Once the line containing "नवजात शिशु 6-टुकड़ा" is found in the entries below, reproduce it and every line after it, stopping at and including the line containing "2021 Royal Blue"; reproduce nothing else, and keep each line exact.

=== Records for processing ===

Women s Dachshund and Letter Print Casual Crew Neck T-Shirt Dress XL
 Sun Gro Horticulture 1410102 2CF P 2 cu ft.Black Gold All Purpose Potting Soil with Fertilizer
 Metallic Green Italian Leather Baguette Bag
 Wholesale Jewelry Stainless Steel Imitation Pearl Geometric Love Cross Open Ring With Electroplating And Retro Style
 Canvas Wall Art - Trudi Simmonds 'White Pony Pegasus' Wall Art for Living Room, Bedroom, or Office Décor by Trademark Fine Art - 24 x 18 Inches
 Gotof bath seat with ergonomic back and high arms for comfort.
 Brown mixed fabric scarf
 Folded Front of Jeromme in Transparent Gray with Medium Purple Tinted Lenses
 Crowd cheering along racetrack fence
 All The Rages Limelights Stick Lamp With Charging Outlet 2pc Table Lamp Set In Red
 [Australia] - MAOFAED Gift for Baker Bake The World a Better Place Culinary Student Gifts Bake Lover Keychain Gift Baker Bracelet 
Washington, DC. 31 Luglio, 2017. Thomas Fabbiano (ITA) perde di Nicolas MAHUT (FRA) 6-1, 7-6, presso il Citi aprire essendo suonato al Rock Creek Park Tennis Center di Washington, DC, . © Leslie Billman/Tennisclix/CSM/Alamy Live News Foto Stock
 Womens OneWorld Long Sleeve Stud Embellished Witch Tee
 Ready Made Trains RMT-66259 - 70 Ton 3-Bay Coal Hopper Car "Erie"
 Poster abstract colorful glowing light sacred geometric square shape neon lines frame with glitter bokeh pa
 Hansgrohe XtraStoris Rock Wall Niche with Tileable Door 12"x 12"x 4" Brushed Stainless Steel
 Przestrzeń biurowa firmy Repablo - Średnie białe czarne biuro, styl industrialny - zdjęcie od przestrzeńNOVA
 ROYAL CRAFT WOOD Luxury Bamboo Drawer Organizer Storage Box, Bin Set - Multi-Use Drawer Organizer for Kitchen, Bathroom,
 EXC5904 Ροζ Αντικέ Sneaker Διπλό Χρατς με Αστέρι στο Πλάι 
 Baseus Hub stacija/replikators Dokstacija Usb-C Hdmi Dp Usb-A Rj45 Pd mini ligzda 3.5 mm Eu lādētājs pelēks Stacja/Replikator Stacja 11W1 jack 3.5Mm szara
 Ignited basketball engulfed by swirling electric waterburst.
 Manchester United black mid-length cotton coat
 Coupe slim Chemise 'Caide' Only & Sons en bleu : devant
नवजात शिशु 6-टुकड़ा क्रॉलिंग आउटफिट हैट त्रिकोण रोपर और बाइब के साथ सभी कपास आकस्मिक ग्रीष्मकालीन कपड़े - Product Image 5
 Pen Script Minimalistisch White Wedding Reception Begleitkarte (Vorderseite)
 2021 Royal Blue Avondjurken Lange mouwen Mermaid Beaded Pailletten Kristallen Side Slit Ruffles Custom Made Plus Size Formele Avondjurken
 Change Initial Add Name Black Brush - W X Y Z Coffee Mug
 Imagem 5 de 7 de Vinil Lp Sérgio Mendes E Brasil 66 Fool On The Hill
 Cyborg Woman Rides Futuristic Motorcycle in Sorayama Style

===

Answer area:
नवजात शिशु 6-टुकड़ा क्रॉलिंग आउटफिट हैट त्रिकोण रोपर और बाइब के साथ सभी कपास आकस्मिक ग्रीष्मकालीन कपड़े - Product Image 5
 Pen Script Minimalistisch White Wedding Reception Begleitkarte (Vorderseite)
 2021 Royal Blue Avondjurken Lange mouwen Mermaid Beaded Pailletten Kristallen Side Slit Ruffles Custom Made Plus Size Formele Avondjurken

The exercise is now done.